Paisagens Perdidas (1994)

Jayme Caetano Braun

Velha mangueira crioula,
Curral de pedra empilhada
Que até o pastor da manada
Bombeia com desconfiança,
Ficaste como lembrança
Da infância desta querência
Guardando a mesma inocência
Dos brinquedos de criança!

Dizem que foi o jesuíta
Que te ergueu nas solidões,
Da fronteira, das missões
Do litoral e da serra
Para que fosses a encerra
Das primitivas tambeiras
E das éguas caborteiras
Mais livres que a própria terra!

E te plantaram no campo,
Com metro e meia de altura,
Meia braça de largura, redonda ou de cantoneiras;
Quatro varas nas porteiras roliças e descascadas
Como lanças encravadas no buraco das fronteiras.
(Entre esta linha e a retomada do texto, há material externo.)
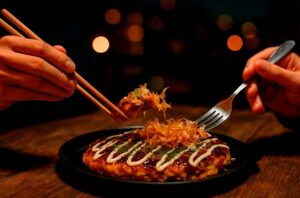 Persona comiendo okonomiyaki japonés en un restaurante nocturno 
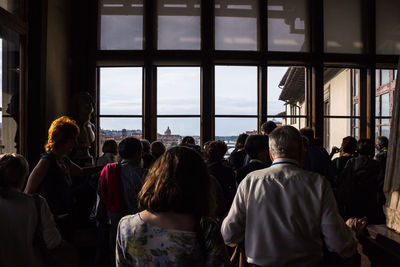 Rear view of people looking through window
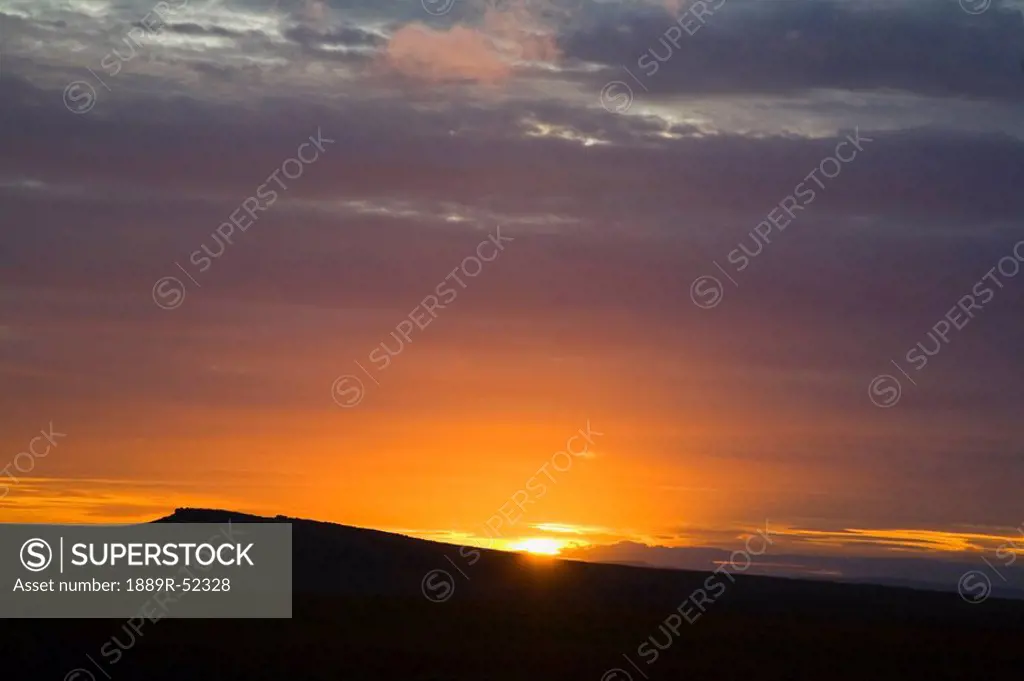 south yorkshire, england, a sun setting over the hills in peak district national park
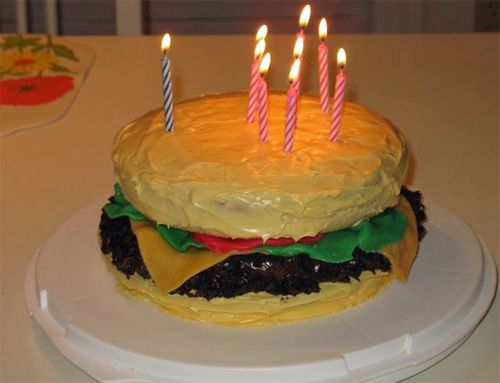 image of a birthday cake in the shape of a cheeseburger, with candles in it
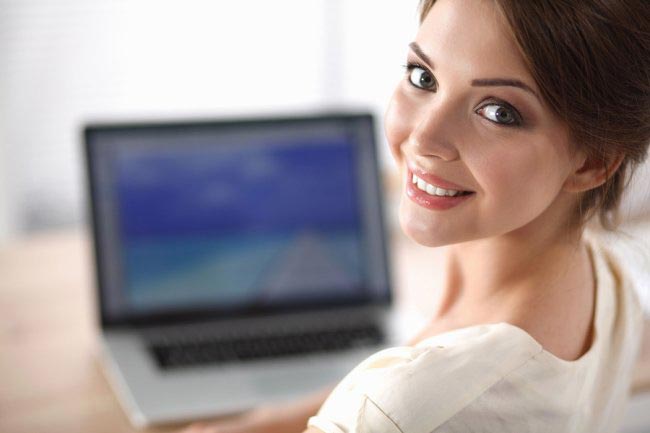 Beautiful woman sitting in front of laptop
E, alí, no aberto, aprumada, remendo na cesmaria
Te irmanaste com serventia ao laço e à boleadeira
Qual outra nota campeira da nossa Sociologia
Prenuciando a trilogia: rampão, rodeio e mangueira.

Depois, ao berrar do gado e ao relinchar da tropilha
Viste surgir na cochilha um casarão empedrado
E o vulto desempenado, de rampão de rente aberta
Com santa fé na coberta para um bugre empenachado.

Era o galpão do Rio Grande, era a estância que surgia
Vertente da economia do Brasil Meridional
Com um abraço cordial aberto na natureza
Exprimindo a singeleza do velho pago natal.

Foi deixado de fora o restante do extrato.